If you are traveling around Wisconsin this summer, you may encounter places named in the language of the Native American people who lived here long before Europeans settled this area.
Now, the Department of the Interior is implementing a process to replace place names considered offensive to Indigenous people. The department has identified 28 Wisconsin place names that contain the term, and is seeking public comment on how to rename them.
Kris Goodwill is the Statewide Tribal Liaison for the Wisconsin Department of Natural Resources, and a member of the Menominee Nation. She says the term in question is now considered a derogatory term for Native American women.
“It is my understanding that it came from either a Cree or Odawa word that was mispronounced. So, over the years, it was a word that became offensive to Native American women. I am a Native American woman, and I do consider it derogatory,” says Goodwill.
In November 2021 the federal government officially declared the term, which we are choosing not to list here, as derogatory and offensive. It is now in the process of renaming these places. Goodwill says the federal movement is a long time coming.

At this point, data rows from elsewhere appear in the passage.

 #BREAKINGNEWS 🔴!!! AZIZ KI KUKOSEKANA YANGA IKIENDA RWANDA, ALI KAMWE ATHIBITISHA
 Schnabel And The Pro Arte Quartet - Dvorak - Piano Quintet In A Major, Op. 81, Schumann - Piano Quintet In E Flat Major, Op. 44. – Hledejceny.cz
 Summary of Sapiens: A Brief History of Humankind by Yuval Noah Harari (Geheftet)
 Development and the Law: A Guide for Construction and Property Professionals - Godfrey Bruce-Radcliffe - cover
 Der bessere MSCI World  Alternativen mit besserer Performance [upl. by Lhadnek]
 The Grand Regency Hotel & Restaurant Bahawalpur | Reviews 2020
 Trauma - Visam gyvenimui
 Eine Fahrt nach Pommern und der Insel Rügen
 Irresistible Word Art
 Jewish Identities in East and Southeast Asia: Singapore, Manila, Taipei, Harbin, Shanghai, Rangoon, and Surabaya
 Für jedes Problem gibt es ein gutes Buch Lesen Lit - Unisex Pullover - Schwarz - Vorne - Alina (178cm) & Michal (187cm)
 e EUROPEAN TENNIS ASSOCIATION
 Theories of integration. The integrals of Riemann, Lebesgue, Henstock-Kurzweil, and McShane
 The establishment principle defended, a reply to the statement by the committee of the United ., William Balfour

“This came about through a Secretarial order from Secretarial Deb Haaland, the federal Secretary of the Interior. She issued an order saying it’s a derogatory term and that it be removed from all federal geographic names and places in the country,” says Goodwill.
Movements to remove the term from geographical features have been simmering in the state for decades — including locally.
A map of the place names with the offending term, from the US Geological Survey.
In 2019, the Dane County Board voted to rename a bay in Lake Monona to remove the term. Former Dane County Supervisor Tanya Buckingham Anderson represented the 24th district from 2018 to 2020, and was the sponsor of the resolution to rename the bay to Wiicawak Bay.
“We had to do a little looking around to see what the best approach would be. The Dane County Land and Water Resources Department was really critical in helping us move this whole process forward. The first thing I did was reach out to the Ho-Chunk, because it was raised to me that the Ho-Chunk had actually met at the bay several years earlier and expressed a desire for the name to be changed,” says Anderson.
Anderson says that even though the Dane County Board passed the resolution in 2019, it was not approved at the federal level until last winter.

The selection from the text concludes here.